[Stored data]
++++++++++

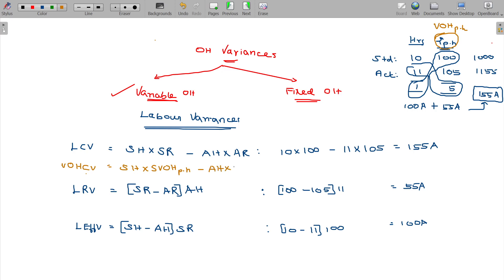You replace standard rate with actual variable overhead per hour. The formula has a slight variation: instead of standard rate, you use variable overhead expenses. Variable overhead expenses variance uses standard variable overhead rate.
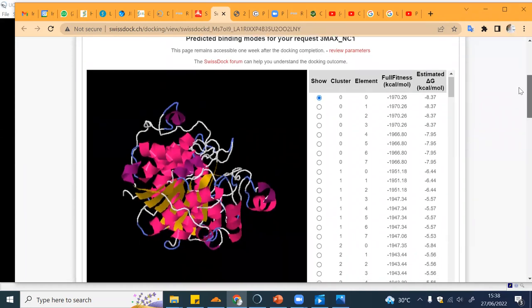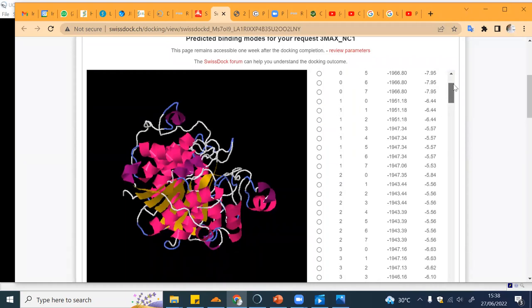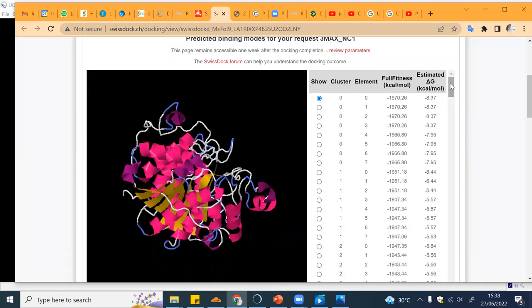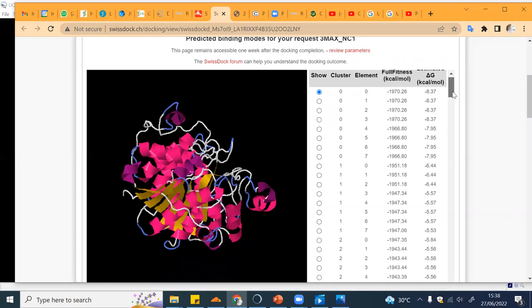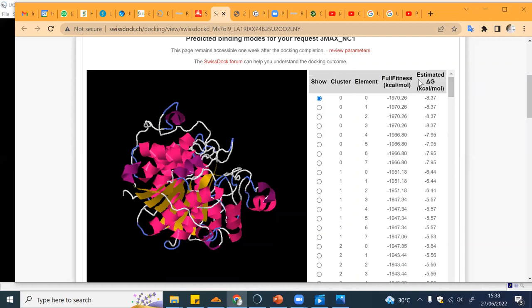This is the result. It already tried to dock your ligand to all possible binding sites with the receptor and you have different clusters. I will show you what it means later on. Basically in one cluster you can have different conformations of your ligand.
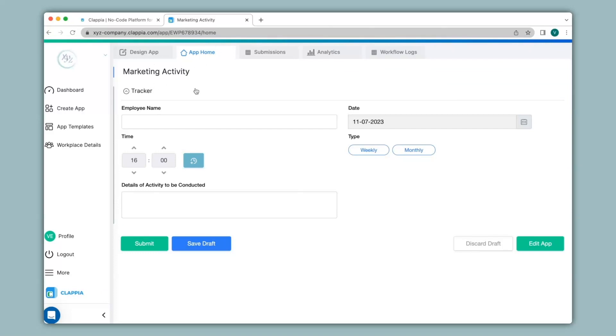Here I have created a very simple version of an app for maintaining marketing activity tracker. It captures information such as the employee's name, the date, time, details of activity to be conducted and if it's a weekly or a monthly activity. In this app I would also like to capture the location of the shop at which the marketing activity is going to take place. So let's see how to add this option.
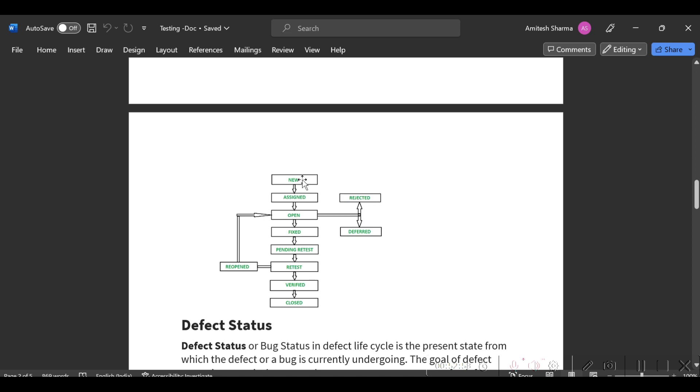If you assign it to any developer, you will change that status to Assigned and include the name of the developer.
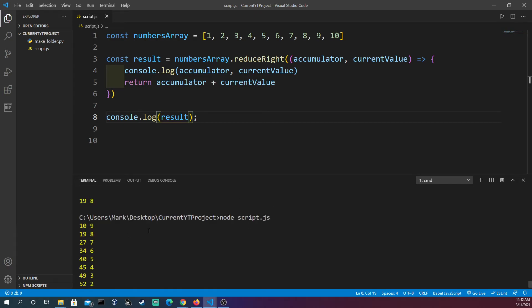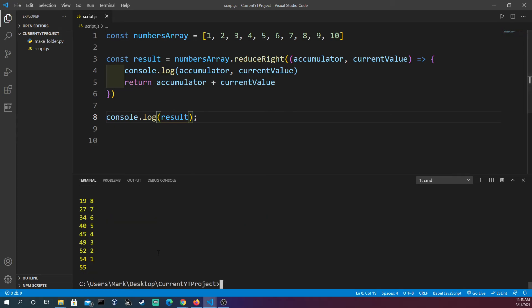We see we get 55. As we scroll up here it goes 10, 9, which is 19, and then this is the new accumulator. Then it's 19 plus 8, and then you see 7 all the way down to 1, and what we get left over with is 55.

++++++++++

AIM OF THE TASK: Please repeat, exactly as written, only the lines from the line with "If you assign" to the end of the data, leaving out every picture.

OUTPUT FOR THIS TASK:
If you assign it to any developer, you will change that status to Assigned and include the name of the developer.
We see we get 55. As we scroll up here it goes 10, 9, which is 19, and then this is the new accumulator. Then it's 19 plus 8, and then you see 7 all the way down to 1, and what we get left over with is 55.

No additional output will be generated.